A static helper class UNSAFE obtains the singleton Unsafe instance via reflection and caches field offsets for later use.

public class UNSAFE {
    public static Unsafe unsafe;
    static {
        try {
            Field f = Unsafe.class.getDeclaredField("theUnsafe");
            f.setAccessible(true);
            unsafe = (Unsafe) f.get(null);
        } catch (Exception e) { e.printStackTrace(); }
    }
}

Because a simple ConcurrentHashMap does not preserve FIFO order, a custom linked‑list container MyThreadContainer is created. It holds a volatile head and tail of Node objects, each storing a thread reference and links to previous/next nodes.

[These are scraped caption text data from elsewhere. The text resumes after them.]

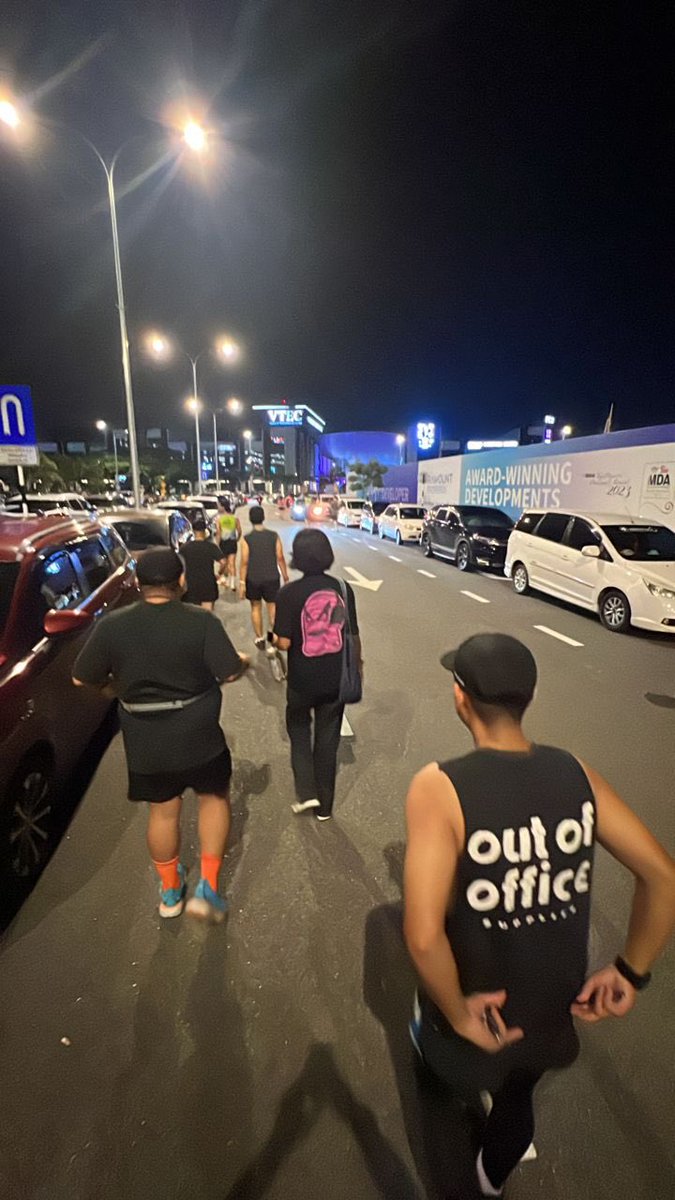 theOzsman's tweet photo. Sunday things,macam hantar pasukan perang,second time jadi joki in this month. #PintalTaliRunningclub #PBIM #BerguRun #HardcoreRunner https://t.co/h0fYLID6NL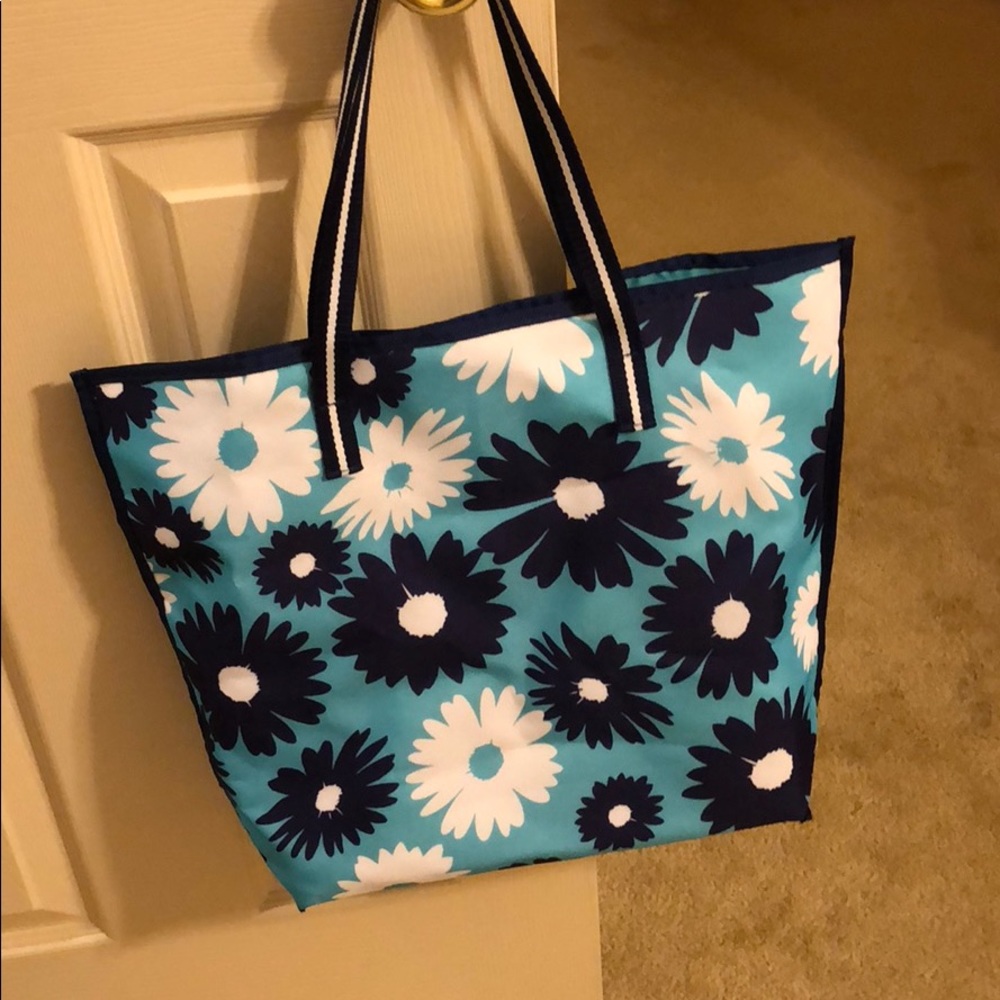 Clinique Daisy tote and cosmetics bag💄🌼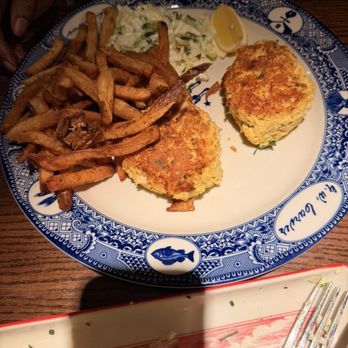 MoCo's Founding Farmers - Crab Cakes, Fries & Slaw - New American Near Me - Potomac, Maryland MoCo's Founding Farmers - Crab Cakes, Fries & Slaw - New American Near Me - Potomac, Maryland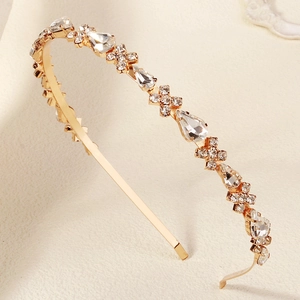 Détail du serre-tête fin doré de luxe avec des strass en forme de gouttes alternées
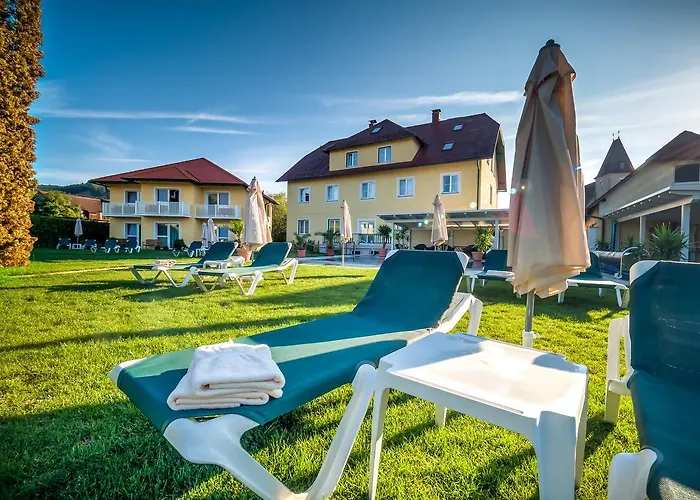 Dorf Gruener Baum 3* Maria Laach am Jauerling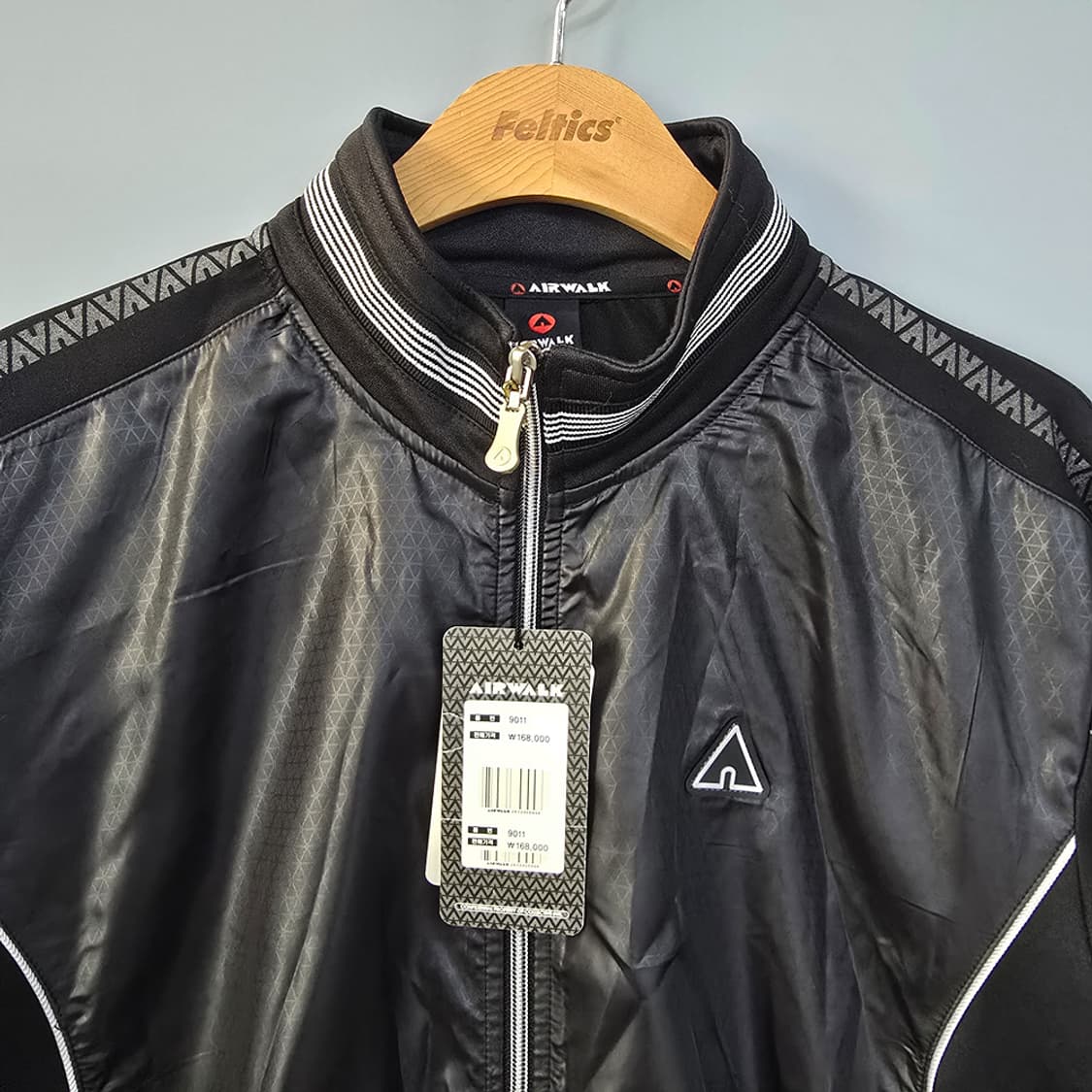 새제품)에어워크(AIRWALK) 트랙 자켓 블랙 110 상품이미지2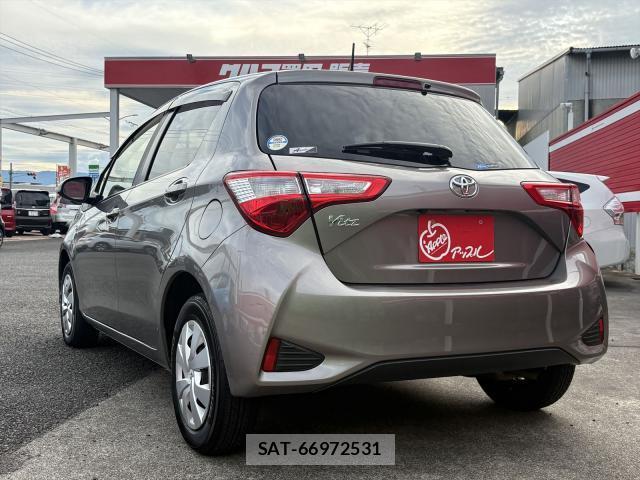 Toyota VITZ 2017-10 8875544-14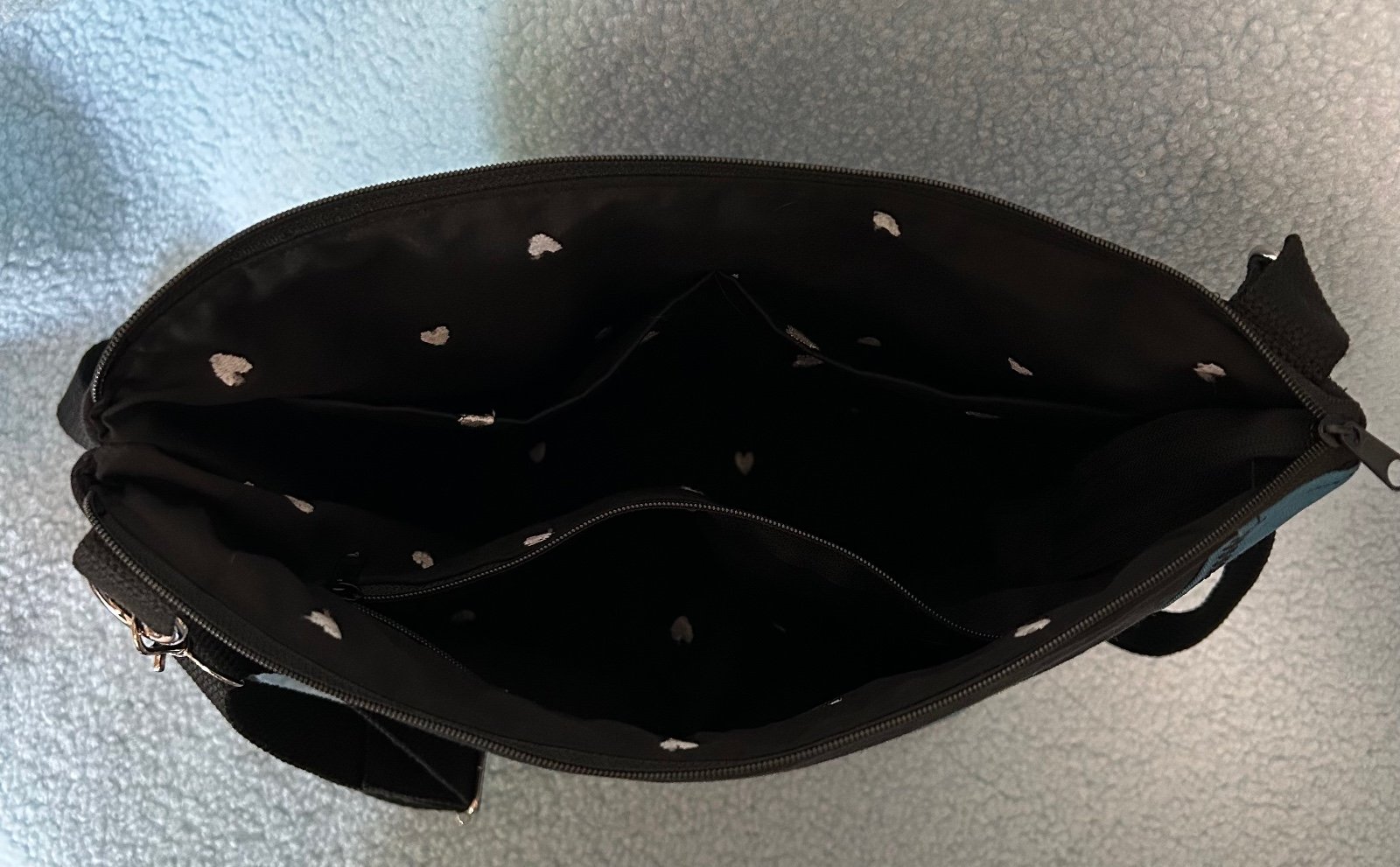 Zwarte schoudertas met geborduurde aqua bloem - 57883.jpeg Zwarte schoudertas met geborduurde aqua bloem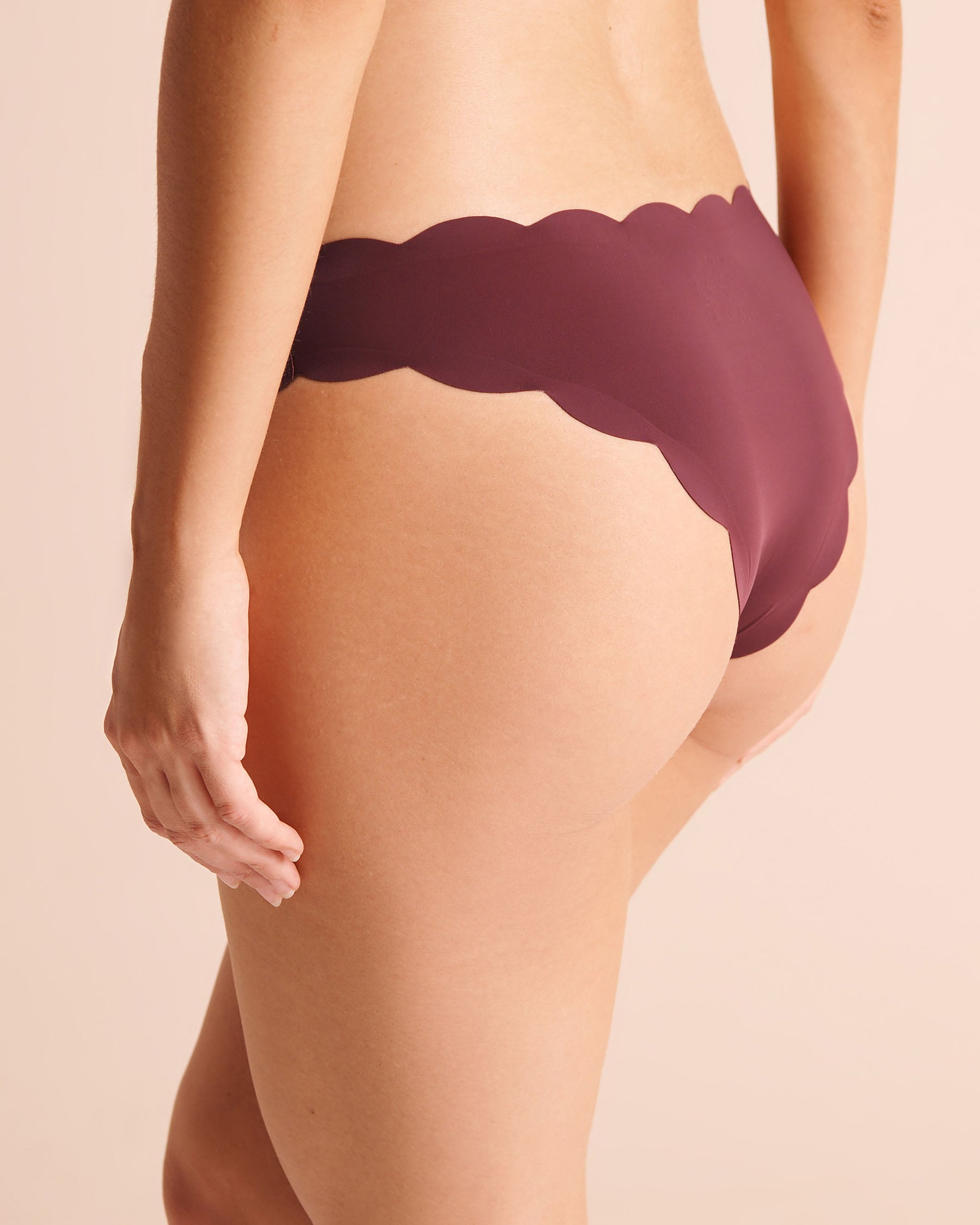 LA VIE EN ROSE Culotte brésilienne microfibre à bordures ondulées Bourgogne 20300539 - View2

public class MyThreadContainer {
    volatile Node head;
    volatile Node tail;
    private static long headOffset = 0L;
    private static long tailOffset = 0L;
    static {
        try {
            headOffset = UNSAFE.unsafe.objectFieldOffset(MyThreadContainer.class.getDeclaredField("head"));
            tailOffset = UNSAFE.unsafe.objectFieldOffset(MyThreadContainer.class.getDeclaredField("tail"));
        } catch (NoSuchFieldException e) { e.printStackTrace(); }
    }
    private boolean compareAndSetHead(Node node) {
        return UNSAFE.unsafe.compareAndSwapObject(this, headOffset, null, node);
    }
    private boolean compareAndSetTail(Node expect, Node node) {
        return UNSAFE.unsafe.compareAndSwapObject(this, tailOffset, expect, node);
    }
    class Node {
        volatile Thread thread;
        volatile Node prev;
        volatile Node next;
        Node(Thread t) { this.thread = t; }
    }
    public Node addWaiter() {
        Node node = new Node(Thread.currentThread());
        while (true) {
            Node pred = tail;
            if (pred != null) {
                if (compareAndSetTail(pred, node)) {
                    node.prev = pred;
                    pred.next = node;
                    return node;
                }
            } else {
                if (compareAndSetHead(node)) {
                    tail = node;
                    return node;
                }
            }
        }
    }
}

The MyLock.lock() method now attempts an atomic state transition; if it fails, it enqueues the current thread via threadContainer.addWaiter() and parks the thread.

public void lock() {
    while (true) {
        if (UNSAFE.unsafe.compareAndSwapInt(this, stateOffset, 0, 1)) {
            System.out.println("Thread " + Thread.currentThread().getName() + ", acquired lock");
            break;
        } else {
            threadContainer.addWaiter();
            UNSAFE.unsafe.park(false, 0L);
        }
    }
}

The unlock() method resets the state and unparks the first waiting thread, also fixing the linked list pointers to maintain FIFO order.

public void unlock() {
    UNSAFE.unsafe.compareAndSwapInt(this, stateOffset, 1, 0);
    if (head != null) {
        Node oldHead = head;
        Node newHead = oldHead.next;
        head = newHead;
        oldHead.next = null;
        UNSAFE.unsafe.unpark(oldHead.thread);
        if (newHead != null) newHead.prev = null;
    }
}

Running the updated test shows that only one thread holds the lock at a time, and waiting threads acquire the lock in the order they were parked, confirming a correct FIFO lock implementation.